Civil Engineers Advise Infrastructure Investment In Illinois
Infrastructure in Illinois is getting dangerously close to disrepair, according to a report from the American Society of Civil Engineers. The state received a "C-" for its maintenance of roads, bridges and waterways.
The group says Illinois' grade is cause for concern, especially given recent infrastructure failures. Those headlines include last weekend's water crisis in Toledo, Ohio and chemical pollutants in West Virginia water earlier this year.
Congress recently put off dealing with a severely underfunded road program for another year, something Darren Olsen, with the engineer’s group, says is contrary to progress. He says governments on the state and federal level need to come up with a long term, sustainable funding source, especially given new environmental challenges.
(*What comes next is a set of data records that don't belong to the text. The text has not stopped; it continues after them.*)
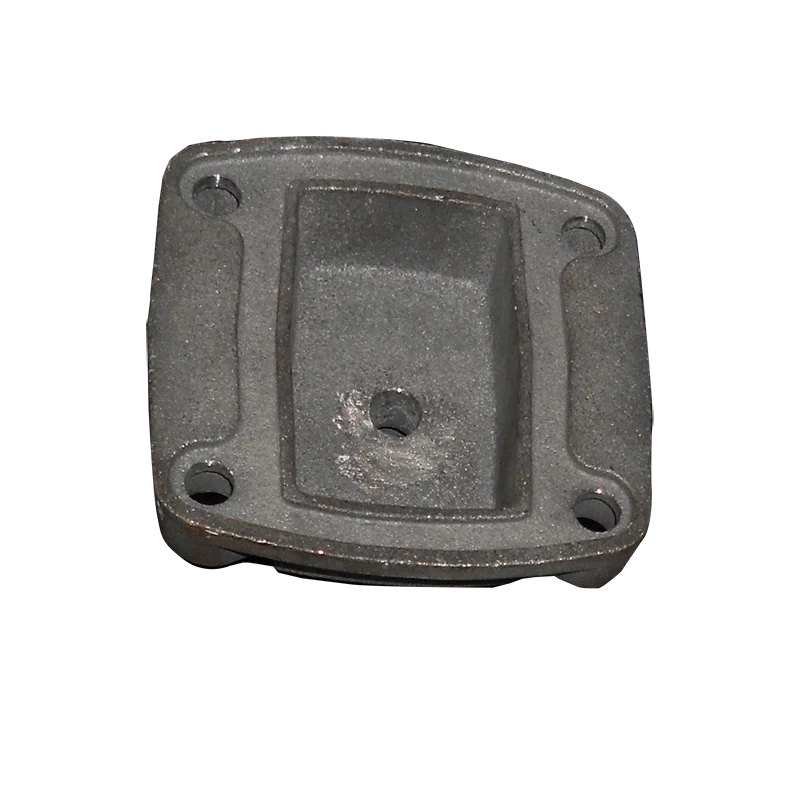 New products 2021 technology aluminum metal parts die casting molds buy direct from china factory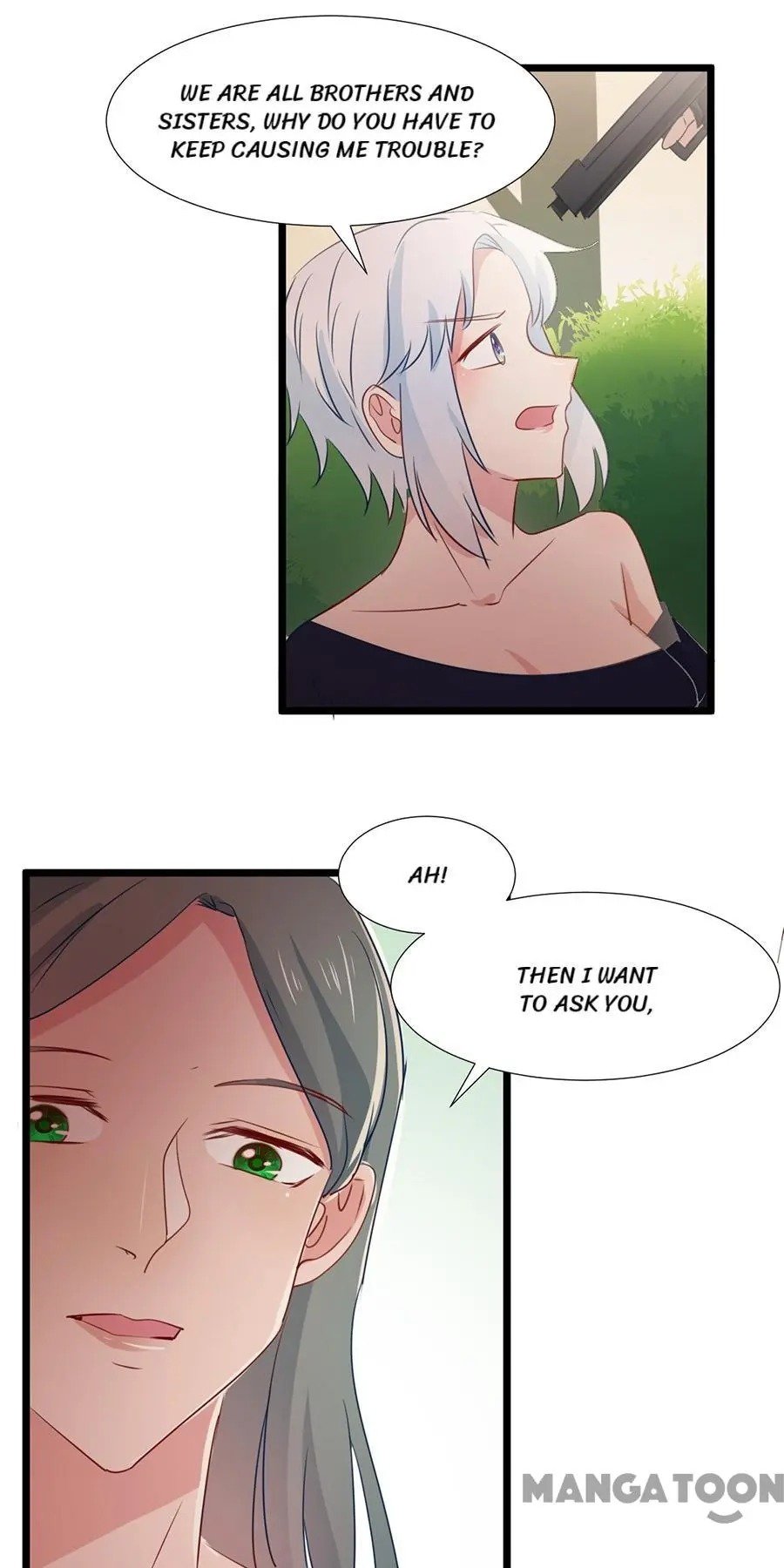 Page 4 of Chapter 107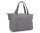 Kipling Art M Shopper 26 Liter K13405 Inviting Grey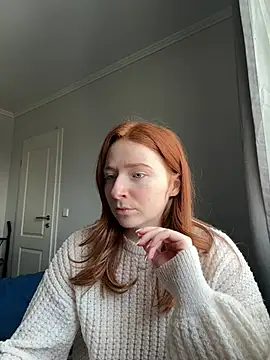 Snapshot of HoneyBunny18 chatting on February 20, 2026, 11:34 am HoneyBunny18 online show from February 20, 2026, 11:34 am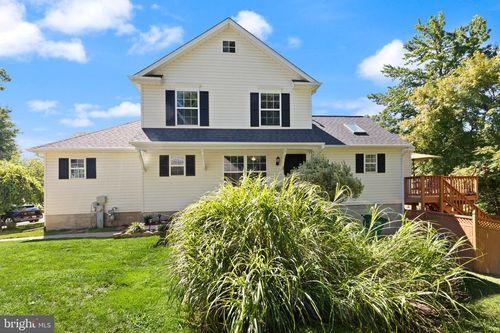 317 Woodland Green Ct, Aberdeen, MD, 21001-2941 | Card Image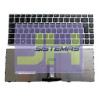 Teclado Laptop Lenovo Z40-70  ILUMINADO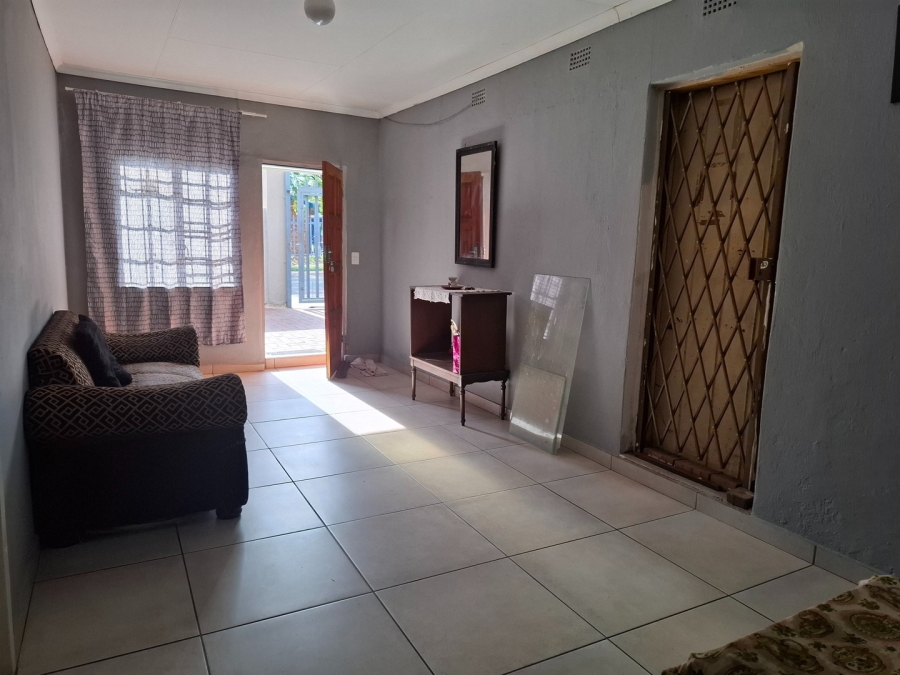 4 Bedroom Property for Sale in Rynsoord Gauteng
"Call it climate change, call it global warming," he said. "We need to make sure that as we maintain and design and build these infrastructure systems that they're done in a resilient way that they can withstand weather patterns that we probably haven't seen in the past."
For example, six months after the drought of summer 2012, barges on the Mississippi River got stuck because of low winter water levels.
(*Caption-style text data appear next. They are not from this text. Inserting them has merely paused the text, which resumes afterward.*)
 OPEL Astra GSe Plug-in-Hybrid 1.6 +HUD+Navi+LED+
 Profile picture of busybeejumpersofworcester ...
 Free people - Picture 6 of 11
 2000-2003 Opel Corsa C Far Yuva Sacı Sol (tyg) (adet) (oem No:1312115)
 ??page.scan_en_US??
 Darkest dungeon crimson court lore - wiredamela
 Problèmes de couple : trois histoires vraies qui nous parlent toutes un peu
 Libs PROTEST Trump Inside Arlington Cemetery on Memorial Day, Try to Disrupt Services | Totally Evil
But any "long term, sustainable funding source" has been hard to lock down in recent years, as gridlock in
Washington blocked a solution to the road fund problem, and non-action in Springfield has made any conversation surrounding the gas tax a non-starter.
A coalition of business leaders has repeatedly proposed raising the state's gas tax, which hasn't increased in 24 years. But gas station owners and the fuel lobby arguesraising the gas tax will be bad for business, especially for stations along state lines, where drivers could easily cross to buy gasoline in Indiana, Kentucky, Missouri, Iowa or Wisconsin.